There were about 5,800 deals per month last year.
Wong said that if the government maintained its tightening measures to check soaring prices, 30 per cent of all property agents, or 12,000 employees, would lose their jobs. Close to one-third of the agencies would be forced to shut down, leaving only 4,500 branches in the market.
Her comments came as the company reported an 87 per cent increase in net profit to HK$249.83 million for last year. Turnover grew 15 per cent to HK$3.91 billion.
Wong said the surge was due to an increase in property transaction prices.
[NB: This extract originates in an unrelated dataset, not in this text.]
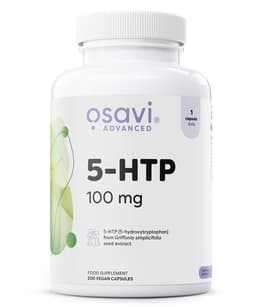 Osavi - 5-HTP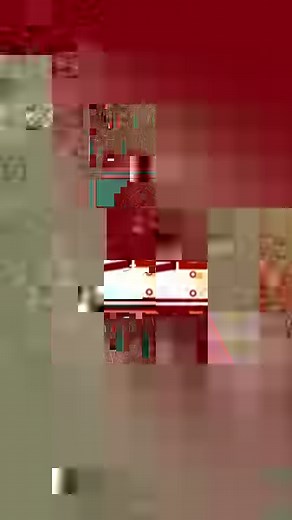 4.8K views · 37 reactions | Today marks the first day of our Depot...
Despite the government's intervention policies such as the special stamp duty and buyer's stamp duty, which dampened the residential market, the company managed to book more transactions from the non-residential property market last year.
According to the Land Registry, the number and value of property sale and purchase agreements last year rose 6 per cent and 11 per cent, respectively.
Saying the residential market would be dominated by new launches this year, Wong said the company would deploy or recruit more people to target sales in the primary market.
The company did not say whether it faced pressure to streamline its workforce or shut down its outlets, but said government measures "have become more frequent and fierce" that the property market was expected to be more volatile than last year.
It expects price volatility of 5 to 10 per cent and potential downward pressure on property prices.
Midland chairman Freddie Wong Kin-yip urged the government to consider easing its controls on the residential market if prices dropped by about 5 per cent.
"Property prices have hit their peaks already," he said. "The government wants flat prices to go down and if they do, it should retreat from the market."
It forecast the number of secondary home transactions to decline to fewer than 3,000 this month, after banks raised mortgage lending rates by 0.25 percentage point this week.
Midland proposed a final dividend of 10 HK cents per share, lifting the payout for the year to 24.34 HK cents per share from 30.67 HK cents previously.
Midland shares rose 2.92 per cent to close at HK$3.52 yesterday.